The Feb issue of Engravers Journal says that if you are doing photos on marble you should be sure to get a laser with a Beam expanders/collimator.......anyone know if I have that?

Hi Steve, I found this online so it looks like you are covered!
http://www.epilogfiles.com/brochures/radiance.pdf

Well......I guess I can't use THAT excuse anymore.........

I am not so sure I agree with this assumption, Beam expanders / Collimator's are used to shape the beam and keep it more consistent over larger distances.

There are thousands of laser systems that are doing photographs without the expanders/collimator's. I don't see how this could effect the quality of a photo unless you are doing 24" x 36" photos and then all they would do is to keep the beam consistent across the entire field which would control any fading possibilities from one edge to another.

I would like to read this article if anyone can post a link to it I would appreciate it.

Expanders and collimators are useless unless your alignment is spot on across the table , and alignment is the reason that power varies across the table rather than beam divergence over the small distances involved.
I havent read the article , but have fitted collimators to 3 of my machines with NO improvement of power variance , but have had an improvement of beam quality to a small extent.
Using a short focal length lens is about 10x more effective in terms of spot size and power density then using a collimator and or expander for photos , the smaller the spot size , the more effective resolution you can get as you can increase the half tone "matrix" to represent more shades of grey.
This is wrong in concept - but to illustrate the point , if you have a 0.003" spot size , you can print 300 discrete dots per inch , if you have a 0.006 , you can only print 150 discrete dots.
Correspondingly , if you have a misaligned 0.003" spot size , with poor beam quality , it becomes ovaloid and this your 300 dots start overlapping in one direction or the other , effectively lowering the resolution.
Remember spacing between dots defines the illusion of shades of grey , black would be no spacing in terms of lets say a 3x3 matrix of dots , all the dots would be filled in , the lightest shade of grey would be 1 dot filled in in that same matrix, if you can get a smaller spot size , you can increase that matrix to lets say a 4x4 matrix in the same space you would fit a 3x3 matrix and thus reperesent more shades of grey.

Well, when I read the title of this thread a shiver went down my spine as the term "collimator" reminded me of the last "full checkup" at the doctor's office. However, after reading what Dr. Rodne, our resident Physics Professor, had to say, I can now say that I not only learned a little more, but also reinforced what I had already known and I am no longer afraid of the word Collimator.

I would agree with most of the points above. The use of a collimator is not going to improve the variation of real power over the engraving area but it can affect the spot size of your laser.

The collimator typically used to enlarge the diameter of the laser beam and at the same time reduce the beam divergence. The larger the laser beam is when it hits the lens, the smaller the spot the lens can focus down to. This small spot size gives engraving results that look like there is more power but its actually the same amount of power concentrated on a smaller spot creating higher power density.

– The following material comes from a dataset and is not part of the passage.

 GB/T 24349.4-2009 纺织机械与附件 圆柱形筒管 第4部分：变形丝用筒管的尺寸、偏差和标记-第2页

The reduction in beam divergence is also important because the spot size can change slightly over the size of the table due to the beam diameter being larger as the head moves further away from the laser source.

Despite all of this technical info, it is worth noting that the lower power lasers on the market typically have minimal beam divergence so the small difference in beam diameter over the size of a standard table really doesn't show up in the engraving quality. You are more likely to see issues caused by the motion system or power fluctuation on some systems than you are due to beam divergence. On systems with more power or larger tables, the beam divergence becomes more of an issue, so a collimator should be used. We use them on all systems with 60W or higher and on our large Speedy 500 and Professional series machines.

I hope this helps!

The shape of the beam also has a lot to do with the MFG of the laser tubes. Most of the MFG's beam shapes are oval which causes the difference in X and Y quality. That is the number one reason that system mfg's use collimator's on there systems. The beam spot size is still controlled through the Len's although through the collimator if it is properly adjusted will improve the spot density. If the collimator is not properly adjusted it does more harm than good.

Mike,

If the beam is elliptical, wouldn't that require asymmetric lenses to rectify the issue? If some manufacturers had such a poor less-than-Gaussian profile to their beam, then the collimator lenses would need to be mounted in a specific orientation (axially). All collimators I've ever seen use off-the-shelf symmetric lenses... if the beam is elliptical, those standard lenses will do nothing to change the elliptical shape of the final spot.

Hi Dan,

You are correct. There is a special beam shaping optic that takes the elliptical beam and makes it round. It looks like a lens but it is shaped differently. A collimator does not shape the beam.

All of our systems that have collimators use Synrad tubes that have round output beams. The collimator is used for expanding the beam diameter and reducing beam divergence only.

The beams are elliptical on most laser tubes Look at the spec sheet that is on synrad's site http://www.synrad.com/48series/48_25.htm. So mfg's are putting in shaping optics if they are stating that they are getting a round beam.

I meant to put this into this sentence "That is the number one reason that system mfg's use collimator's / shaping optics on there systems.

Synrad's are pretty good but others are really bad. Remember when creating a laser beam you are bouncing the beam between optics so it will naturally be an elliptical shape.